San Jose del Cabo is one of the two capes that make up Los Cabos, which are located in the Mexican state of Baja California Sur. Los Cabos literally translates to “The Capes” and defines two separate areas of the state that extend out into the sea and are surrounded on three sides by water. Cabo San Lucas is the other cape referred to in Los Cabos, and the two very popular vacation destinations are about 20 miles from each other.
The trip between San Jose del Cabo and Cabo San Lucas runs along a highway situated between the two, known as the Transpeninsular highway. In addition to the many hotels and all-inclusive luxury resorts located in each of The Capes, there are also a number of more secluded resorts along this highway. Additionally, there are numerous housing developments and condominiums between San Jose del Cabo and Cabo San Lucas.
Fortunately, in neither place was any damage reported, nor were there any injuries mentioned in any news outlets. The people of Los Cabos and other areas of Mexico are not always this fortunate, though, as a number of strong earthquakes have taken place in the past and have caused damage and cost lives in the region. One of the worst in history was an 8.0 magnitude quake that occurred in 1985, and although Los Cabos was sparred during that incident, nearly 9,000 people were killed in Mexico City, which is about 1,150 miles away.
Earthquakes are not uncommon in Mexico because of where the country is situated, and in fact, the country has a long history of not only getting some pretty bad earthquakes but some periodic volcanic eruptions as well. This is because Mexico sits on top of three tectonic plates, making it one of the most seismically active regions in the world. The movement of these different plates past each other causes the disturbances, many of which are mild but some that are considerably strong.
It is not uncommon for aftershocks to occur following an earthquake, and sometimes multiple aftershocks can be felt. An earthquake typically only lasts for about 20-30 seconds, so anything after that is likely an aftershock, which is always weaker than the actual earthquake itself. Aftershocks happen in the same general area as the original quake and can take place days, weeks, months, or even years after the main event and can be felt as far as 10-20 miles away.
There is no warning sign to alert people of when an earthquake or an aftershock is going to occur. In some cases, thousands of aftershocks have occurred following a strong earthquake, but although some can be pretty strong, it isn’t considered an aftershock if it is stronger than the original quake.
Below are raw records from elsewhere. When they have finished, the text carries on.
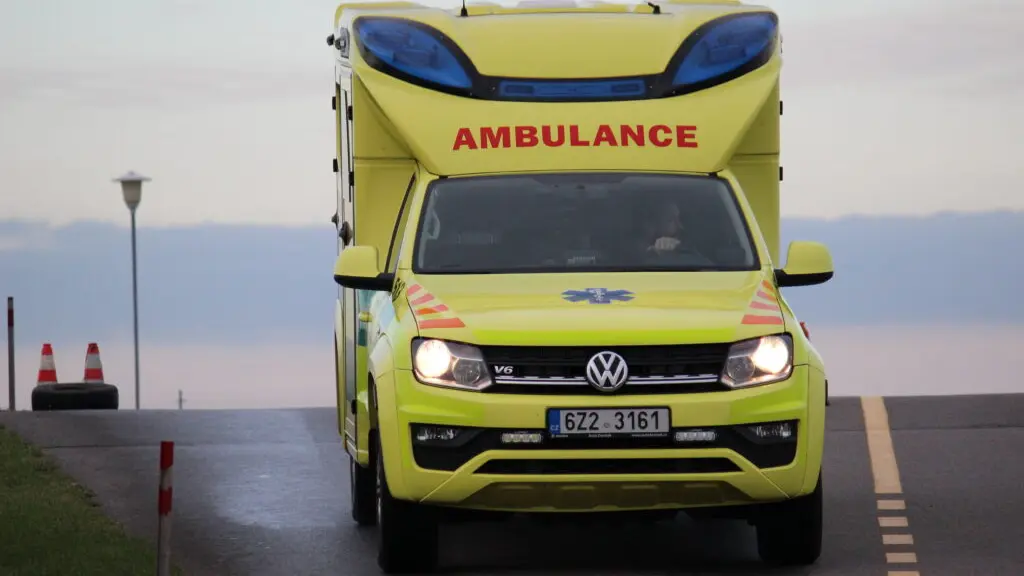 Při srážce dvou aut na Písecku se zranilo pět lidí včetně dítěte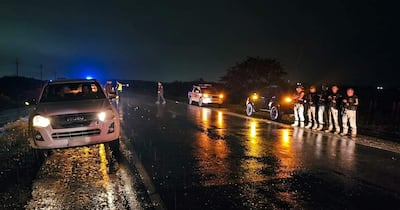 Asaltan a pareja de alemanes en Natalicio Talavera y abandonan su camioneta en Mbocayaty.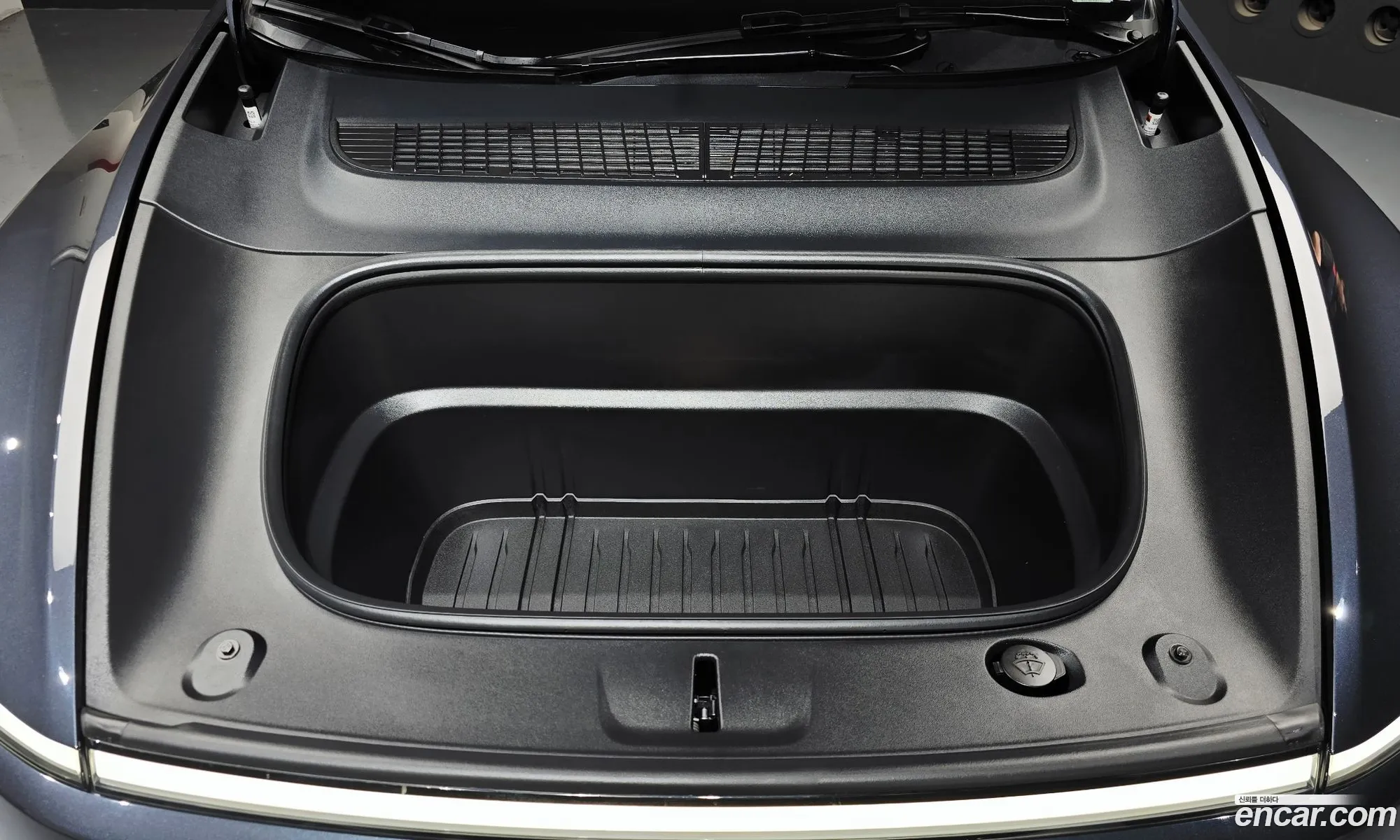 Tesla Model Y 2025 LRWYGCFJ1SC104043 — 27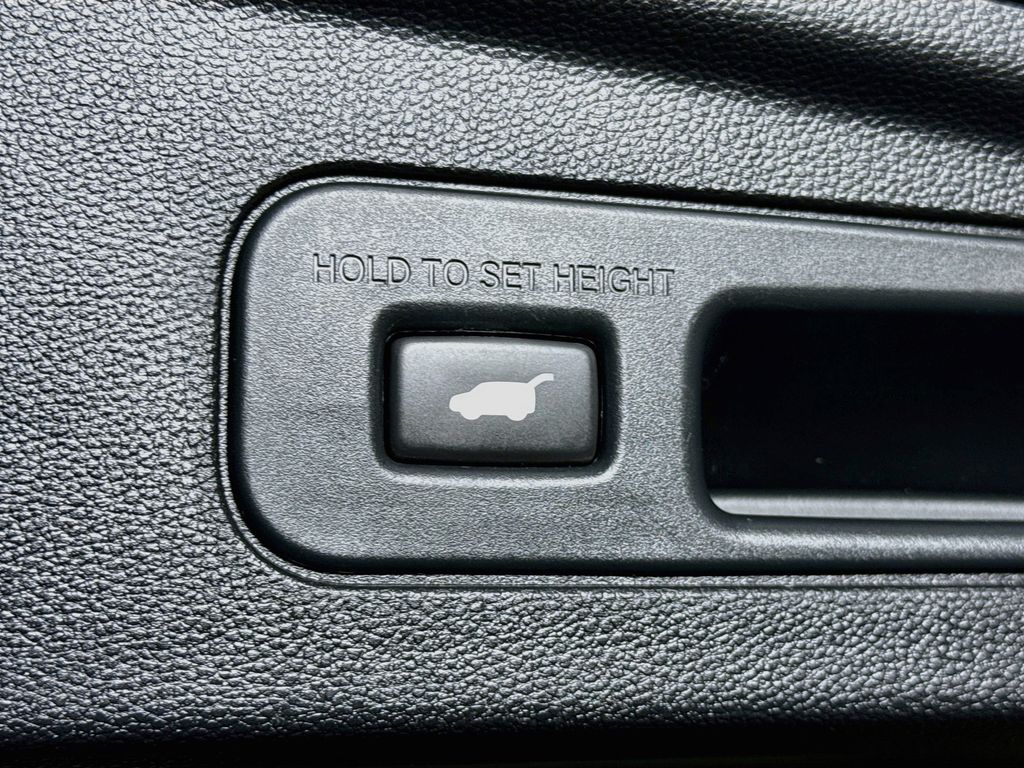 2023 Acura MDX A-Spec Package - Photo 30
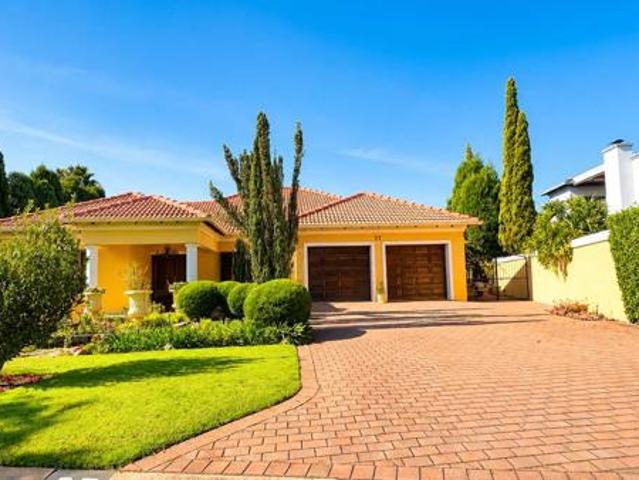 3 Bedroom House in Midstream Estate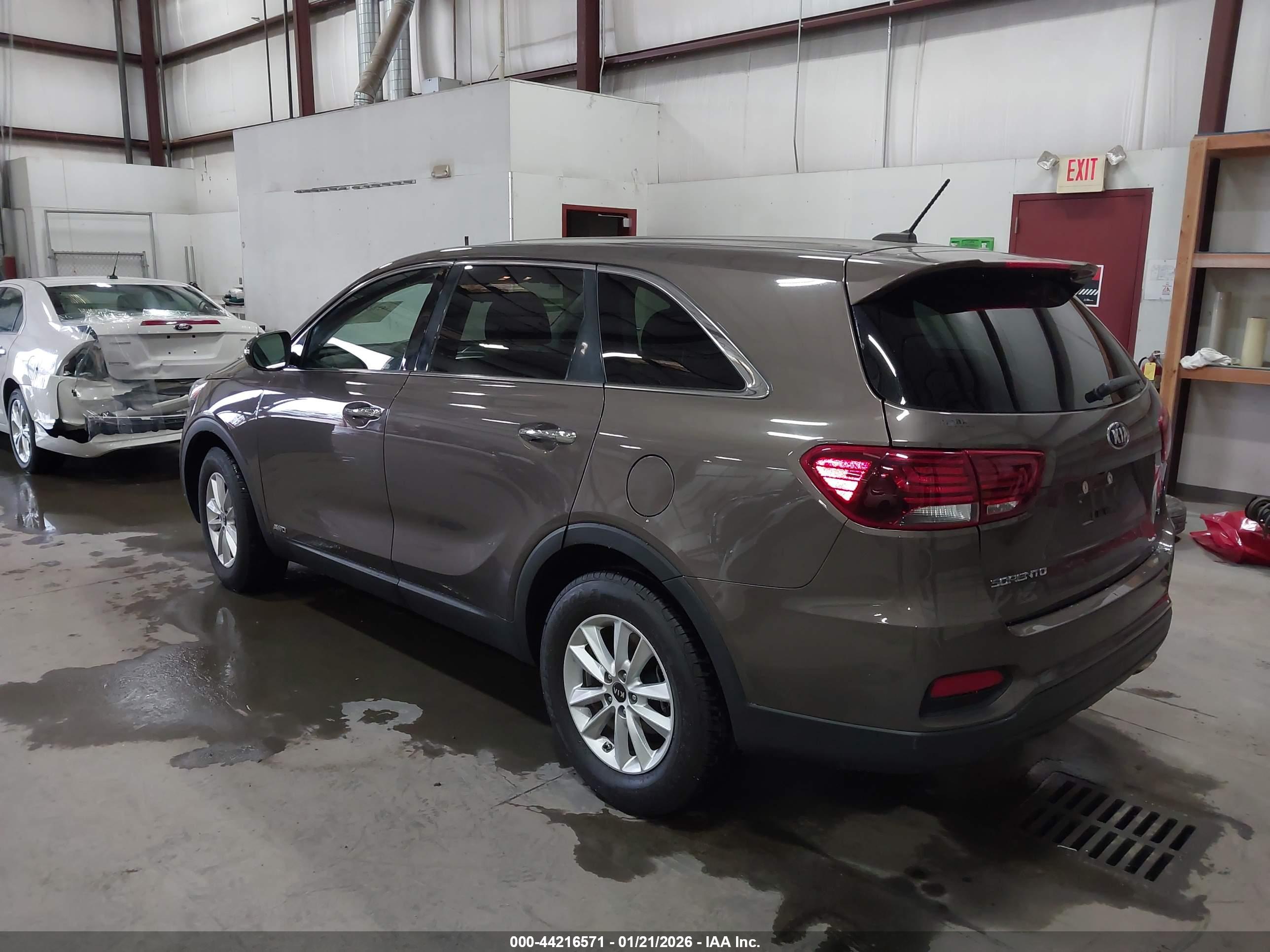 KIA SORENTO image 3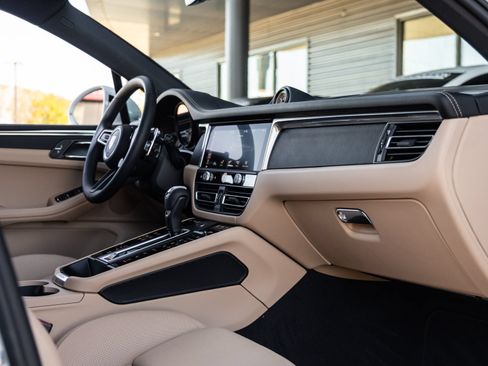 Certified 2026 Porsche Macan S AWD/4WD image 45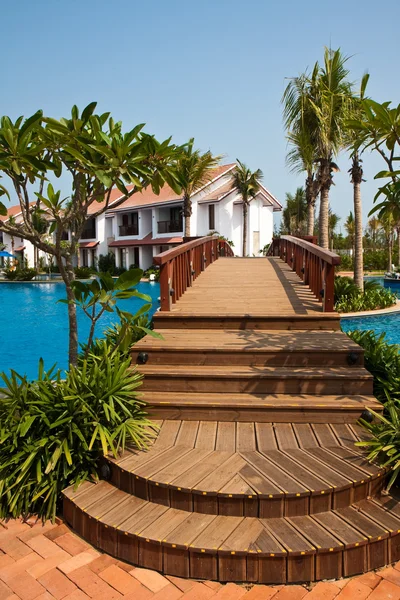 Ponte in un resort tropicale — Foto Stock
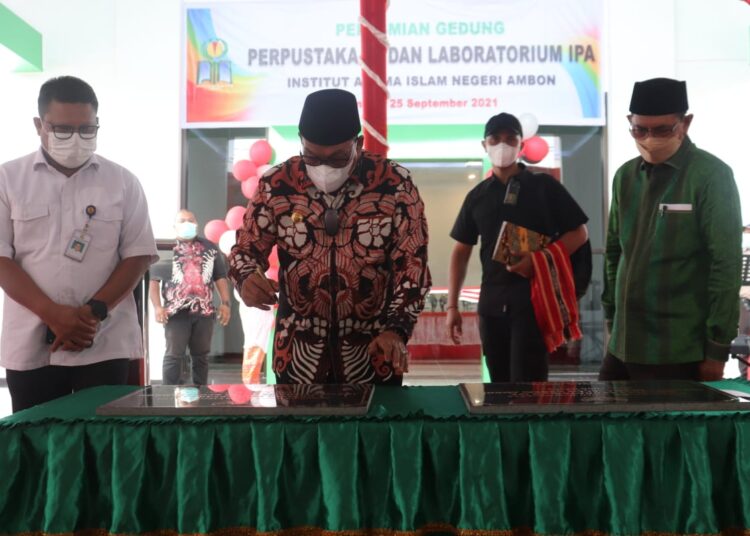 Gubernur Maluku Murad Ismail, tampak akan menandatangani prasasti peresmian Gedung Perpustakaan dan Gedung MIPA IAIN Ambon, Sabtu (25/9/2021). (Foto: Humas Pemprov)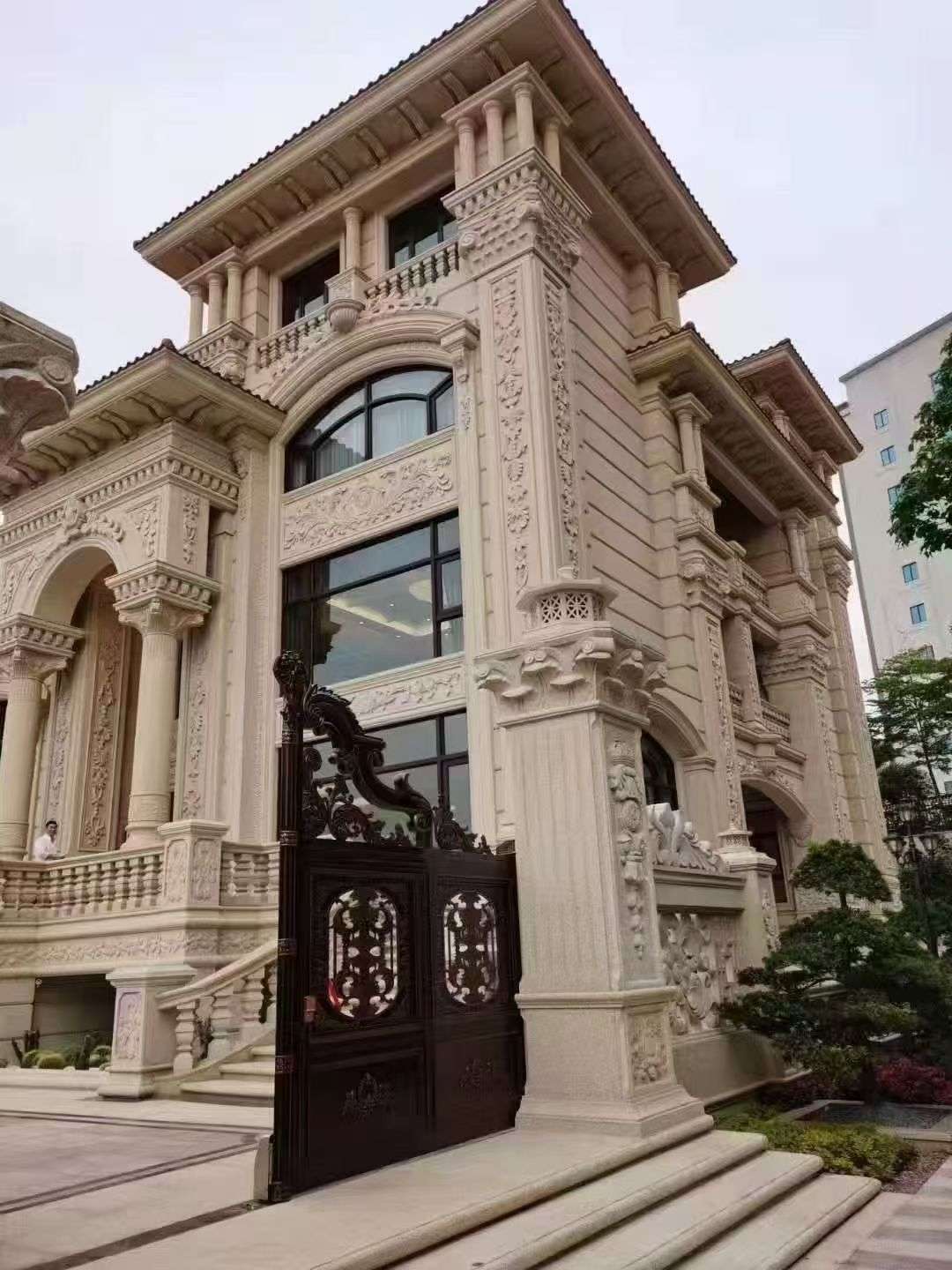 扬州黄金麻别墅外墙异形定制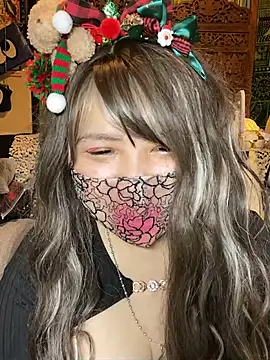 Snapshot of oxLILxMELOxo chatting on 12.16.25 oxLILxMELOxo online show from 12.16.25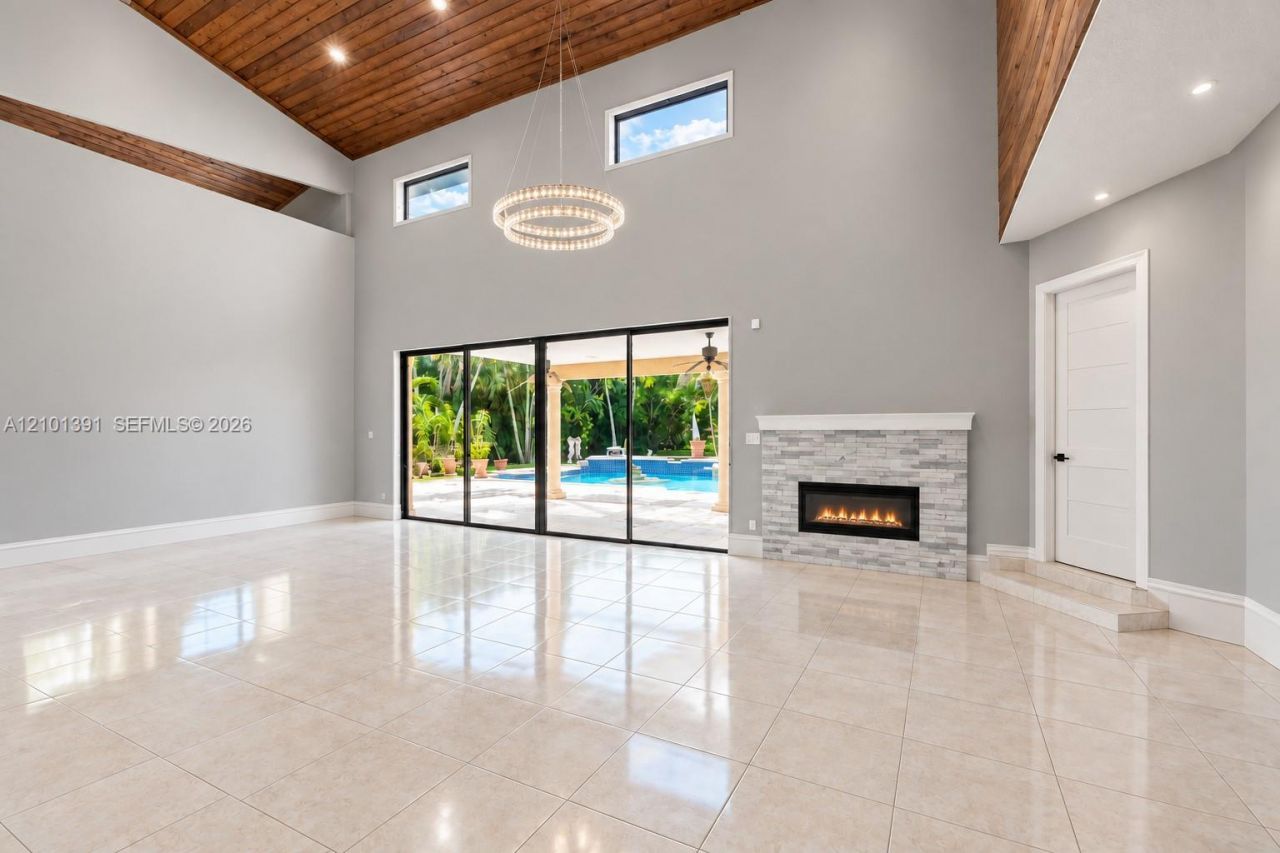 10010 NW 135th St, Hialeah Gardens, FL 33018 Photo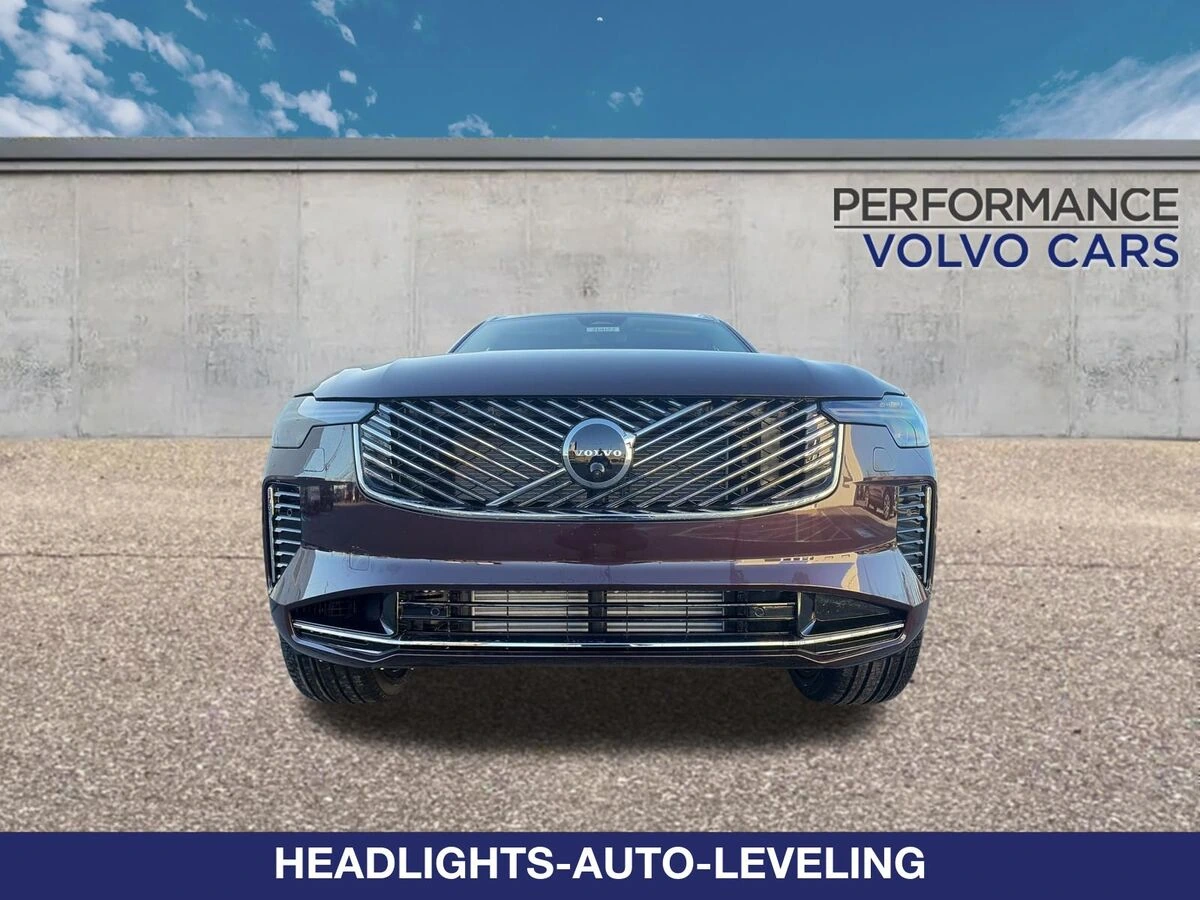 2026 Volvo - image 10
In this case, it would be considered another earthquake rather than an aftershock.
It is important to be on alert for aftershocks after experiencing an earthquake, particularly if it is a very strong one and there is considerable damage. This is because even minor aftershocks can exacerbate the damage that is already done. For this reason, tourists currently visiting Los Cabos or planning a visit soon should be on alert for any more seismic activity.